[Exercise objective]:
Please repeat, exactly as written, the line containing "Flaming Evil Skull" and every line after it through the end of the records below, leaving out any pictures.

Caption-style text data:

________________________

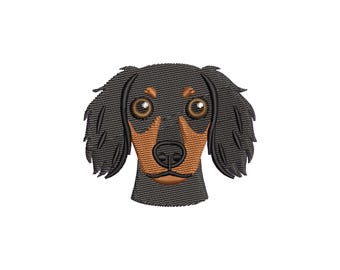 Mini Long Haired Dachshund Embroidery Design, Dog Embroidery Files, Pet Embroidery Patterns, Machine Embroidery Designs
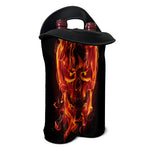 Flaming Evil Skull Print Double Neoprene Wine Tote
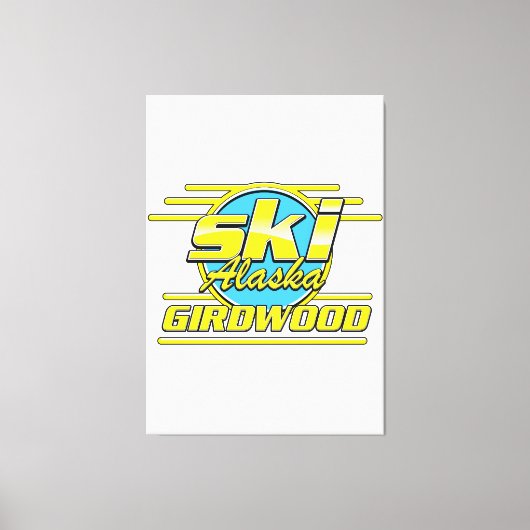 Girdwood Alaska jaren 80 ski logo Canvas Afdruk (Voorkant)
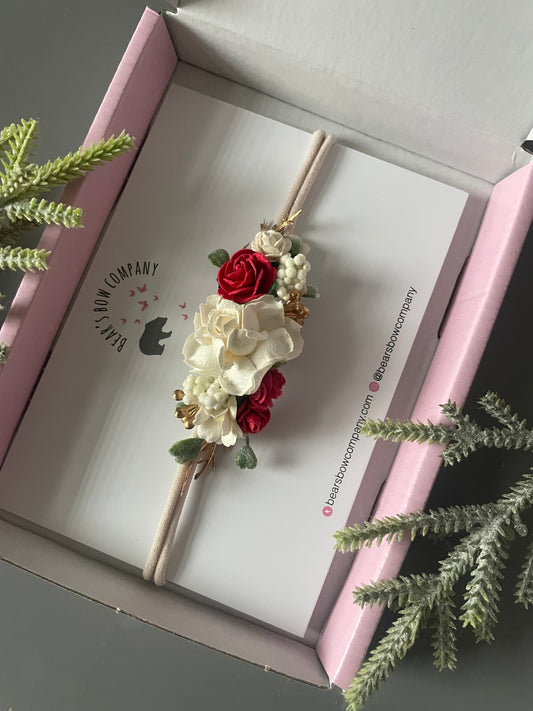 Ivory and Red Flower Headband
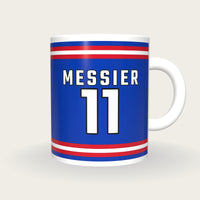 Personalised Blue and Red Ice Hockey Jersey Mug, front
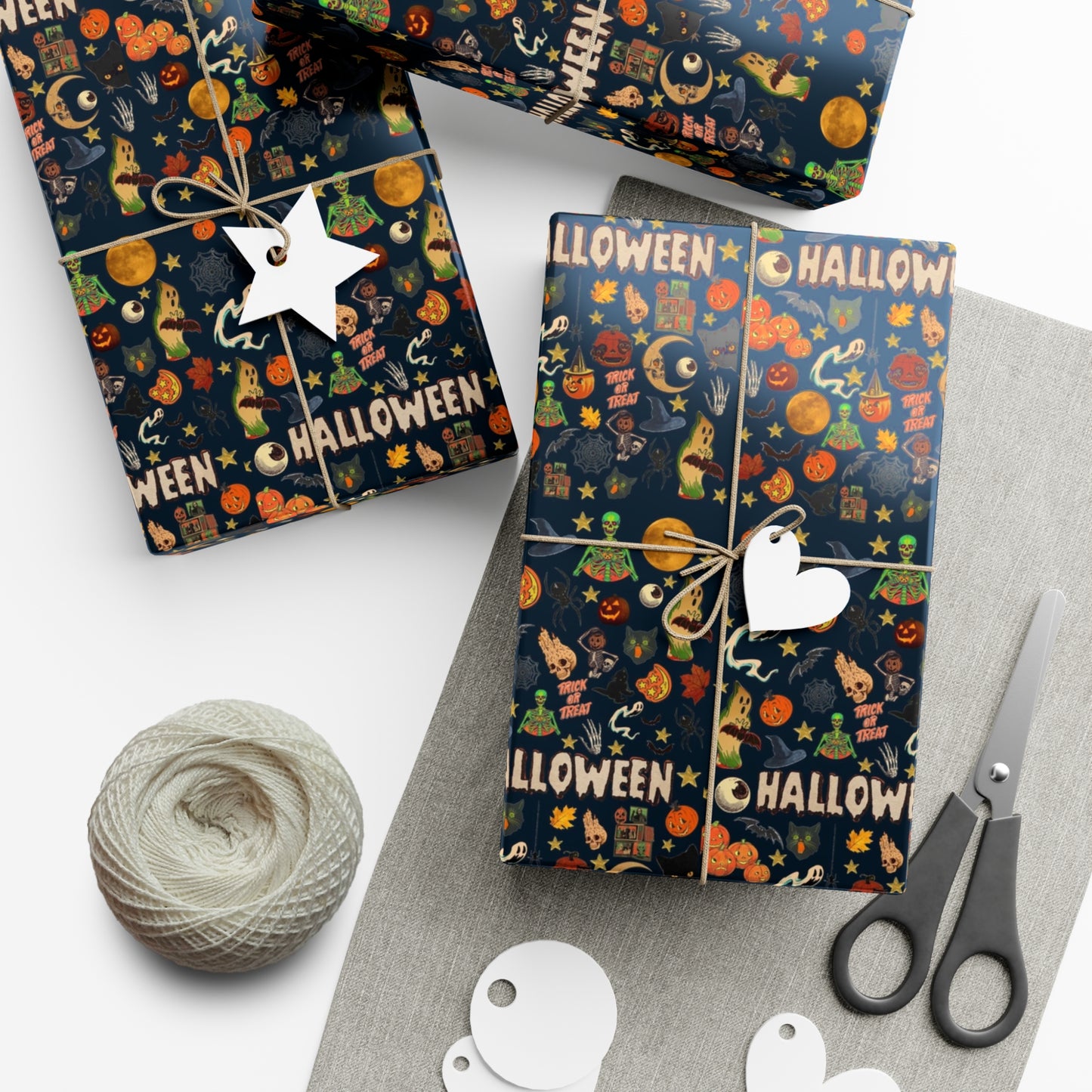Vintage Halloween Wrapping Paper | Cute Ghosts, Witch Hats, Bats, & More | Perfect Gift Wrap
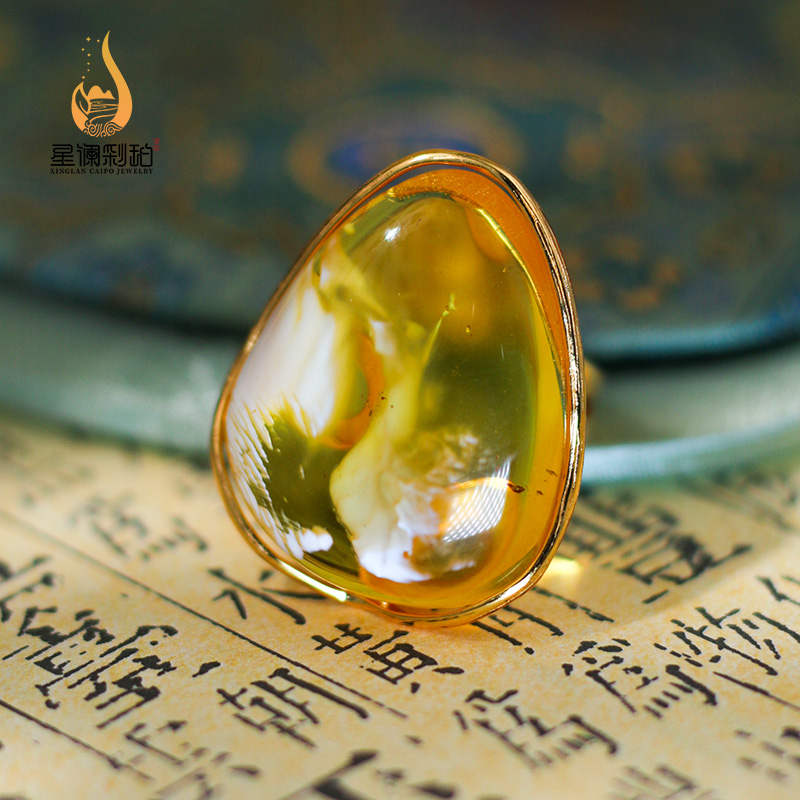 【孤品】S925银镶嵌天然蜜蜡戒指（天然产品微瑕完美主义请绕道）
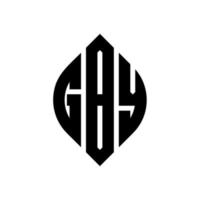 gby cirkel letter logo ontwerp met cirkel en ellipsvorm. gby ellipsletters met typografische stijl. de drie initialen vormen een cirkellogo. gby cirkel embleem abstracte monogram brief mark vector. vector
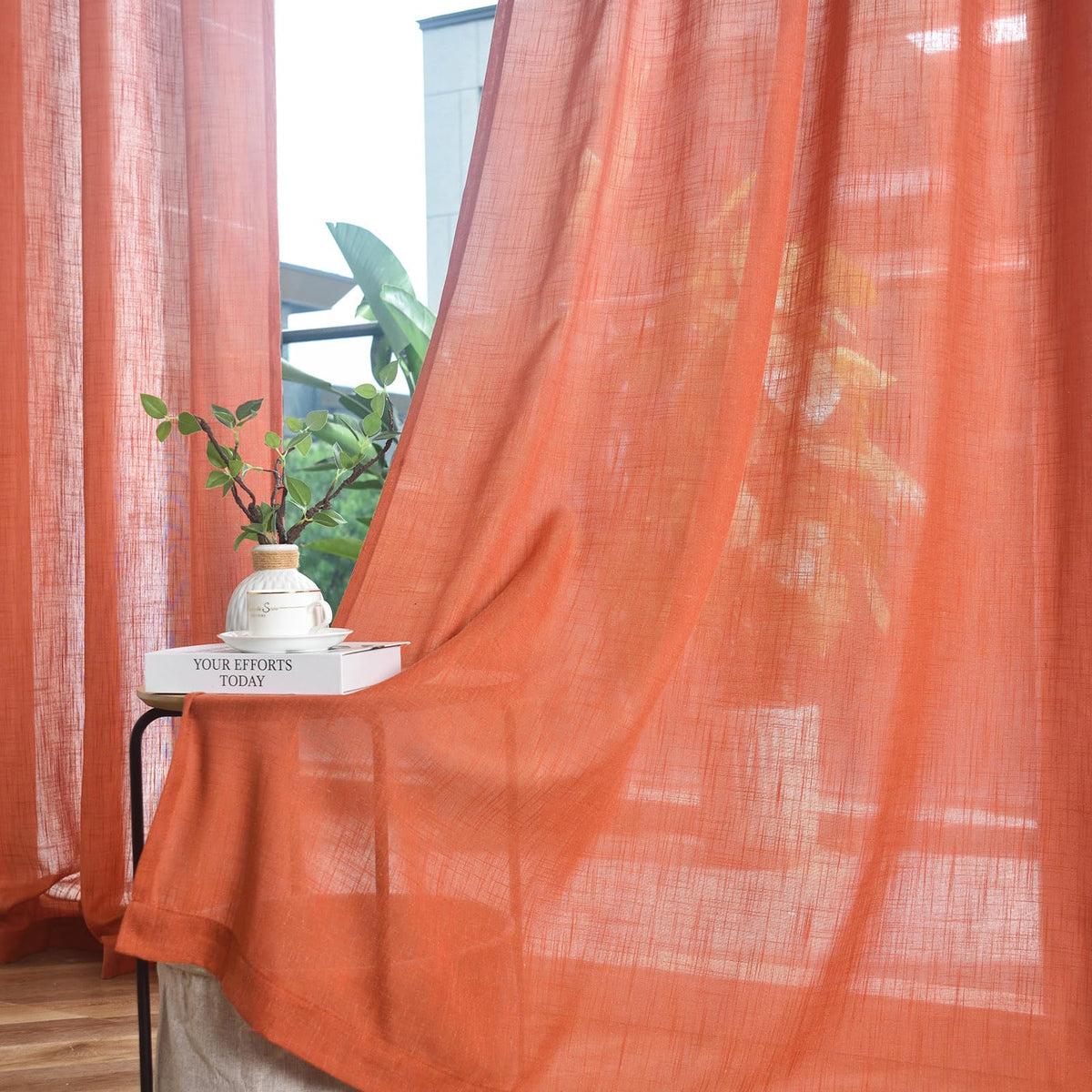 FINECITY Burnt Orange Curtains 84 Inches Long for Living Room, 2 Panels Back Tab Rust Linen Semi Sheer Curtains 7 FT, Rustic Privacy Light Filtering Autumn Fall Curtain & Drapes, 42 x 84 Inch, Orange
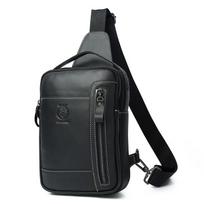 Vyriškas tikros odos vieno peties rankinė per petį, tikros odos retro priekinė peties rankinė juoda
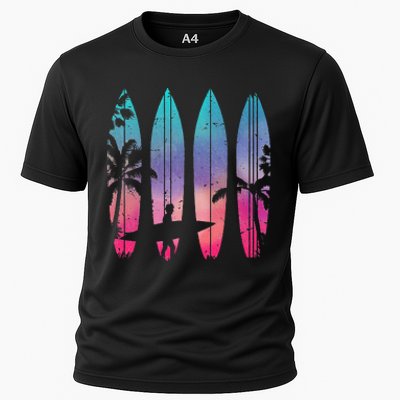 Tropical Beach Surf Surfboard Surfing Surfer Ocean Surfing Cooling Performance Crew T-Shirt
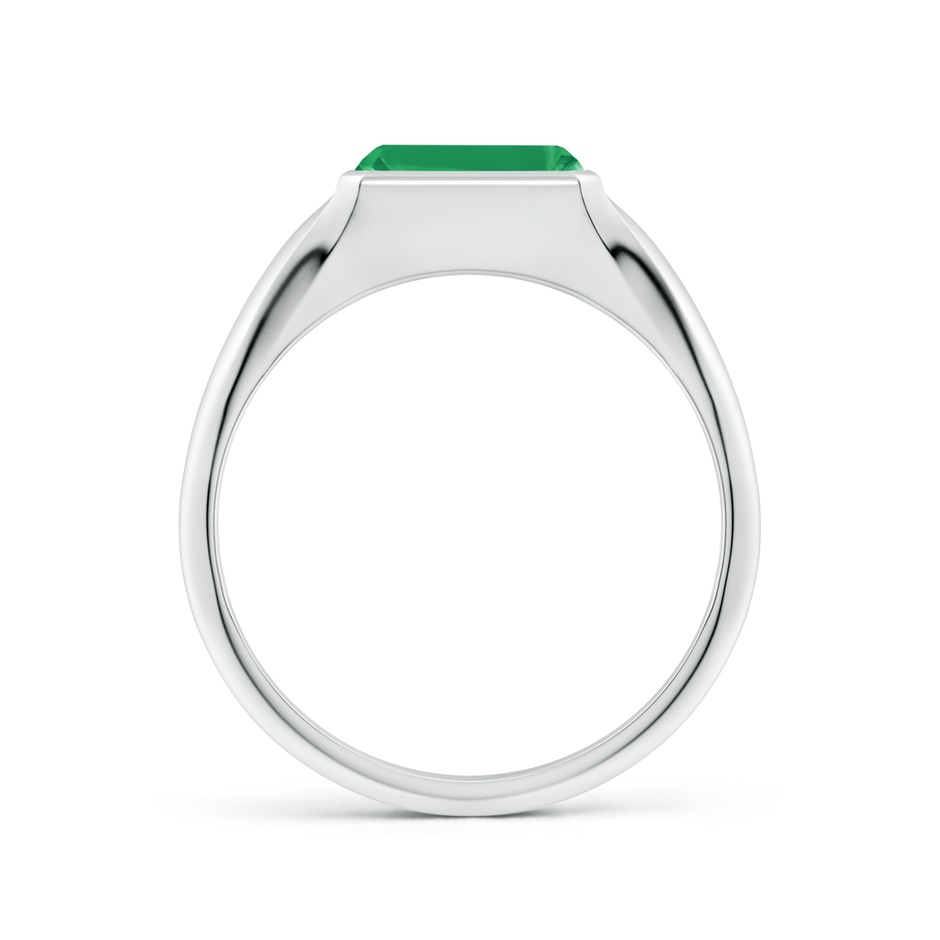 8x6mm A Emerald-Cut Emerald Signet Ring in White Gold side 199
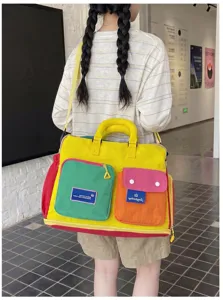 Kleurrijke canvas reistas voor dames, multi-pocket weekender bagage tas voor onderweg.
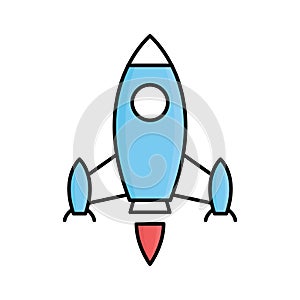 Rocket launch Fill color vector icon which can easily modify or edit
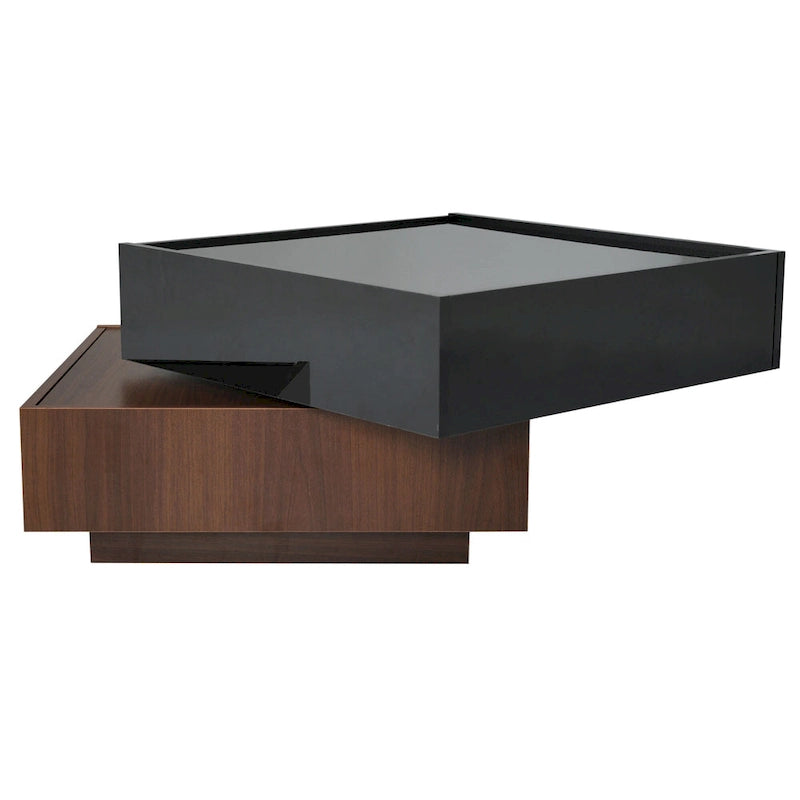 Table basse pivotante avec 2 tiroirs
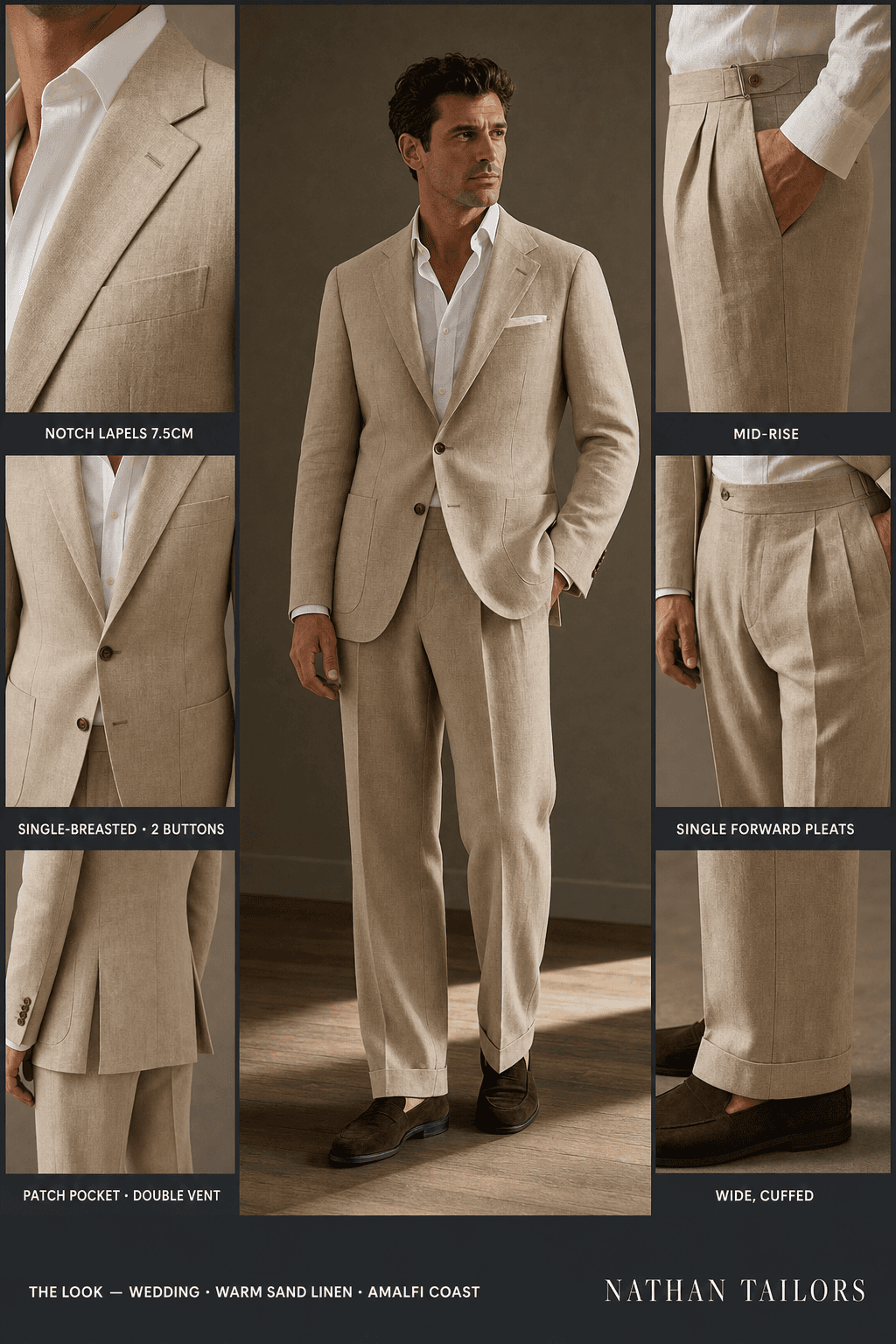 warm sand linen single-breasted notch-lapel online custom suit — designed online at RemoteSuit. Made-to-measure online custom suit available from $129.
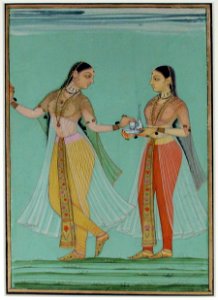 A standing lady offered a tray by her maid (6124544619)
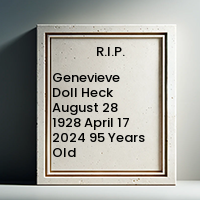 Genevieve Doll Heck  August 28 1928  April 17 2024 95 Years Old avis de deces  NecroCanada
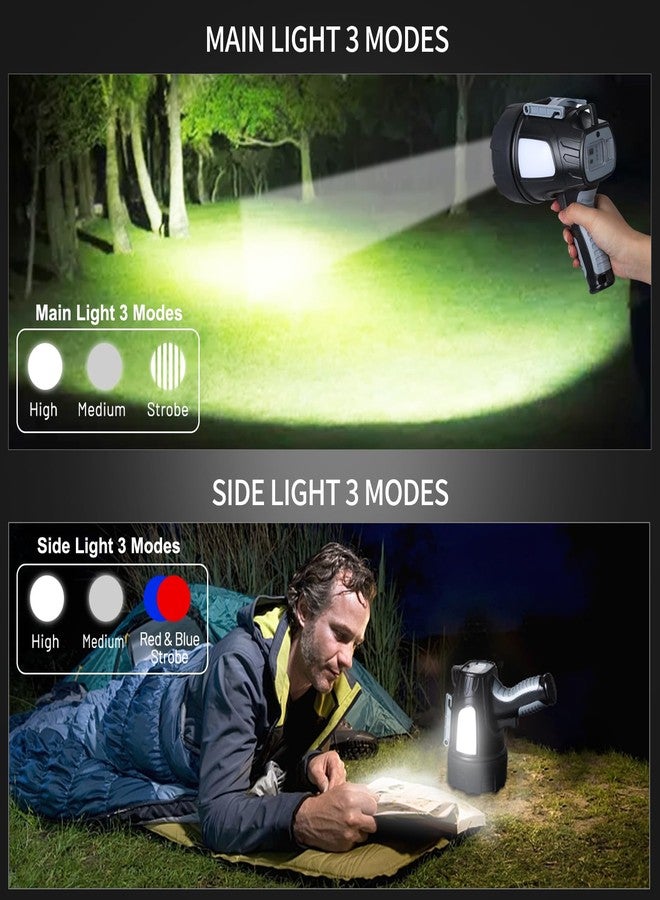 crazybrace Rechargeable Spotlight Flashlight, 99,000 Lumen Super Bright Led Spotlight with 6 Modes & Foldable Tripod, Powerful Spot Light 30H Long Runtime, Handheld Spot Light for Outdoor Boating Hµnting - Image 3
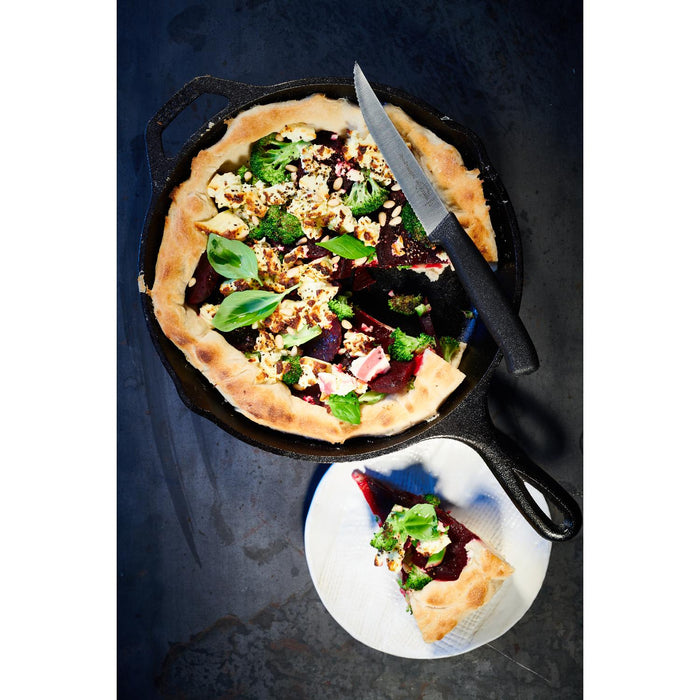 Dick Pizza- /Steakmesser 12cm Wellenschliff schwarz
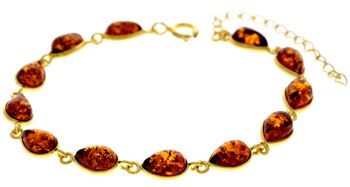 Bracelet à maillons classique en argent sterling 925 plaqué or 22 carats de 19 cm + 4,5 cm serti de véritables pierres précieuses d'ambre de la Baltique - MG502 1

________________________

[Expected answer]:
 Flaming Evil Skull Print Double Neoprene Wine Tote
 Girdwood Alaska jaren 80 ski logo Canvas Afdruk (Voorkant)
 Ivory and Red Flower Headband
 Personalised Blue and Red Ice Hockey Jersey Mug, front
Vintage Halloween Wrapping Paper | Cute Ghosts, Witch Hats, Bats, & More | Perfect Gift Wrap
 【孤品】S925银镶嵌天然蜜蜡戒指（天然产品微瑕完美主义请绕道）
 gby cirkel letter logo ontwerp met cirkel en ellipsvorm. gby ellipsletters met typografische stijl. de drie initialen vormen een cirkellogo. gby cirkel embleem abstracte monogram brief mark vector. vector
 FINECITY Burnt Orange Curtains 84 Inches Long for Living Room, 2 Panels Back Tab Rust Linen Semi Sheer Curtains 7 FT, Rustic Privacy Light Filtering Autumn Fall Curtain & Drapes, 42 x 84 Inch, Orange
 Vyriškas tikros odos vieno peties rankinė per petį, tikros odos retro priekinė peties rankinė juoda
 Tropical Beach Surf Surfboard Surfing Surfer Ocean Surfing Cooling Performance Crew T-Shirt
 8x6mm A Emerald-Cut Emerald Signet Ring in White Gold side 199
 Kleurrijke canvas reistas voor dames, multi-pocket weekender bagage tas voor onderweg.
 Rocket launch Fill color vector icon which can easily modify or edit
 Table basse pivotante avec 2 tiroirs
 warm sand linen single-breasted notch-lapel online custom suit — designed online at RemoteSuit. Made-to-measure online custom suit available from $129.
 A standing lady offered a tray by her maid (6124544619)
 Genevieve Doll Heck  August 28 1928  April 17 2024 95 Years Old avis de deces  NecroCanada
 crazybrace Rechargeable Spotlight Flashlight, 99,000 Lumen Super Bright Led Spotlight with 6 Modes & Foldable Tripod, Powerful Spot Light 30H Long Runtime, Handheld Spot Light for Outdoor Boating Hµnting - Image 3
 Dick Pizza- /Steakmesser 12cm Wellenschliff schwarz
 Bracelet à maillons classique en argent sterling 925 plaqué or 22 carats de 19 cm + 4,5 cm serti de véritables pierres précieuses d'ambre de la Baltique - MG502 1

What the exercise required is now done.